Predisposing factors for UIAF were present in all patients and included pelvic operations for malignancy in 18, pelvic irradiation in 15, indwelling ureteral stents in 15, and iliofemoral prosthetic grafts in three. The average time from the previous pelvic operation to presentation was 80 ± 8 months. All patients with indwelling ureteral stents had a history of hydronephrosis with ureteral strictures caused by prior irradiation or local operation. Ureteral stents were placed an average of 4.8 ± 6.1 months prior to presentation. Eight patients (40%) had recurrent urinary tract infections treated with chronic oral antibiotic suppression.
Diagnostic investigation
All patients underwent diagnostic studies to identify the source of bleeding. Cystoscopy was performed in 14 patients (70%) and showed pulsatile flow into the bladder or fresh thrombus within the ureteral stent in 11 (79%). Three patients (21%) developed massive bleeding precipitated by intentional cystoscopic manipulation of the ureteral stent. Contrast-enhanced computed tomography (CT) was obtained in eight patients and showed active bleeding in three. Conventional angiography was utilized in 14 patients (70%), most often at the time of endovascular treatment (Fig 1). In two patients, angiography did not identify active bleeding into the ureter, but a UIAF was suspected because of hematuria, the presence of ureteral stent, prior pelvic radiation, and no other identifiable source of bleeding.
Fig 1.
Technique of endovascular treatment of ureteral-iliac artery fistula (UIAF). Right iliac angiography reveals no obvious extravasation of contrast in the crossing point of the ureteral stent (A, black arrow), but selective catheterization of the fistulous communication demonstrates contrast extravasation into the right ureter and ureteral stent (B, black arrow). The patient was treated with covered balloon-expandable stent (C), which was deployed in the external iliac artery (D, black arrow) preserving flow into the internal iliac artery.
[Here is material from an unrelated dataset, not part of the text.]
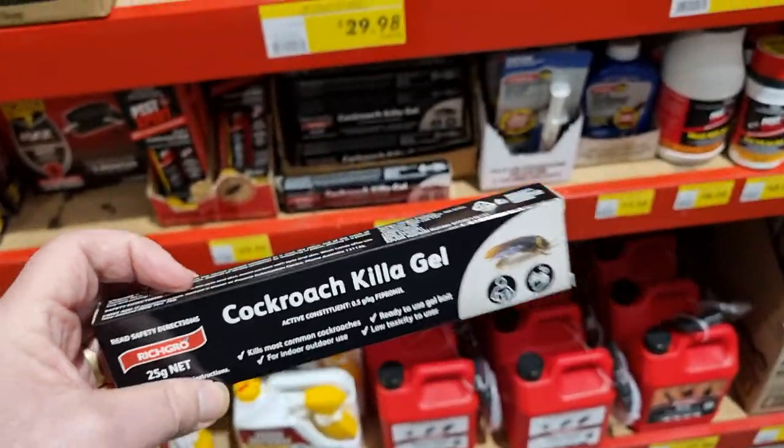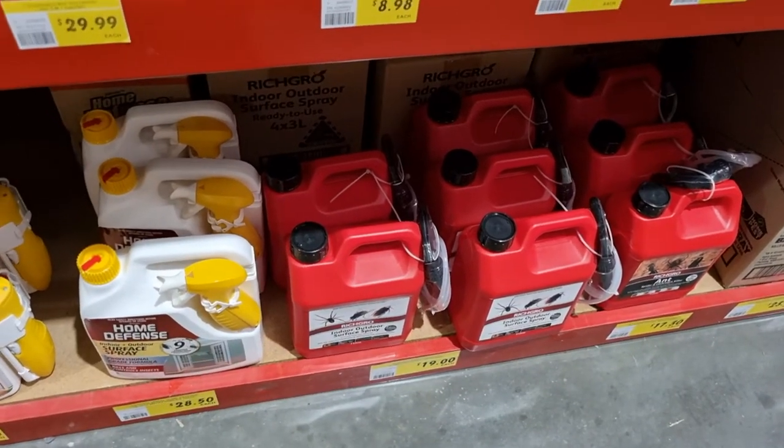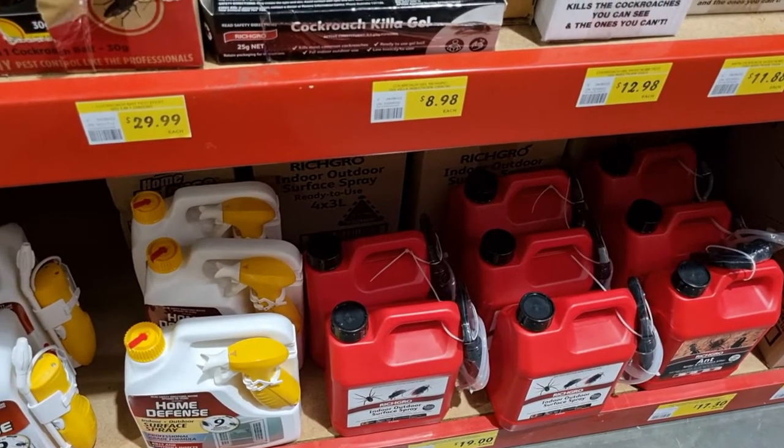I would recommend this cockroach gel because it's only $8.98 and will last a fair while.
The location of 19 UIAFs were confirmed in 18 patients (85%). The fistula affected the left side in 10 patients, right side in seven patients, and both sides in one. The fistula involved the common iliac artery in nine patients, the external iliac artery in six, and iliac bifurcation or internal iliac in three. One patient had a complex UIAF fistula, which also involved the sigmoid colon, psoas muscle, and the skin.
Treatment
Patients were treated by one of the following approaches described below and summarized in Table III.
Table III.
Fistulous location, treatment and outcomes in 20 patients treated for ureteral-iliac artery fistulas (UIAFs)
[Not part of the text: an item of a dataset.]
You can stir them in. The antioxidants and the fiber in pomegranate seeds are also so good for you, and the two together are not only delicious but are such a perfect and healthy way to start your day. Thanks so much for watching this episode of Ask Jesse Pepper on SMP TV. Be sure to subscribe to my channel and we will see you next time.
| Pt (year) | UIAF location | Type of treatment | Nephrostomy tube (Y/N) | Early complications | Late complications/follow-up (months) |
|---|---|---|---|---|---|
| 1 (1996) | L IIA | DIR + omental patch | Yes | None | None at 3 months |
| 2 (1996) | R iliac graft | In situ R iliac graft | Prior nephrectomy | EC fistula | Graft infection at 1 month/died at 30 months |
| 3 (1998) | R EIA | Fem-fem + CIA embo | Yes | Wound infection | Died at 101 months |
| 4 (1998) | L CIA | Fem-fem + CIA embo | No | None | Died at 2 months |
| 5 (1998) | L CIA | Fem-fem + CIA embo crossover | Yes | None | Died at 98 months |
| 6 (1999) | R IIA | DIR + omental patch | No | EC fistula | None at 115 months |
| 7 (2001) | L CIA | Fem-fem + CIA ligation | No | EC fistula | Died at 2 months |
| 8 (2003) | L iliac graft | L endoureteral embo | Yes | None | Died at 8 months |
| 9 (2004) | R EIA | R iliac SG | Yes | None | Died at 6 months |
| 10 (2004) | L iliac graft | L iliac SG | Yes | NSTEMI | Died at 42 months |
| 11 (2006) | L CIA | L iliac SG | No | None | Died at 3 months |
| 12 (2006) | L CIA | Aortic endograft limb | Yes | None | None at 2 months |
| 13 (2007) | L EIA | L iliac SG | Yes | Stent thrombosis | None at 3 months |
| 14 (2007) | R EIA | R iliac SG | No | None | Thrombosis at 32 months |
| 15 (2008) | L CIA; R EIA | Bif endograft | No | None | None at 5 months |
| 16 (2008) | R CIA | R iliac SG | No | None | None at 13 months |
| 17 (2008) | R IIA | R iliac SG | No | Pneumonia | Died at 5 months |
| 18 (2008) | R CIA | R iliac SG | No | Buttock claudication | None at 14 months |
| 19 (2010) | L EIA | L iliac SG Fem-fem + EIA ligation |
No | Wound infection | None at 3 months |
| 20 (2010) | L CIA | L iliac SG | No | None | None at 3 months |
Bif, Bifurcated; CIA, common iliac artery; DIR, direct iliac repair; EC, enterocutaneous fistula; EIA, external iliac artery; embo, embolization; Fem-fem, femorofemoral crossover graft; F/U, follow-up; IIA, internal iliac artery; L, left; NSTEMI, non-ST elevation myocardial infarction; pseudoan, pseudoaneurysm; PTC, percutaneous; R, right; SG, stent graft.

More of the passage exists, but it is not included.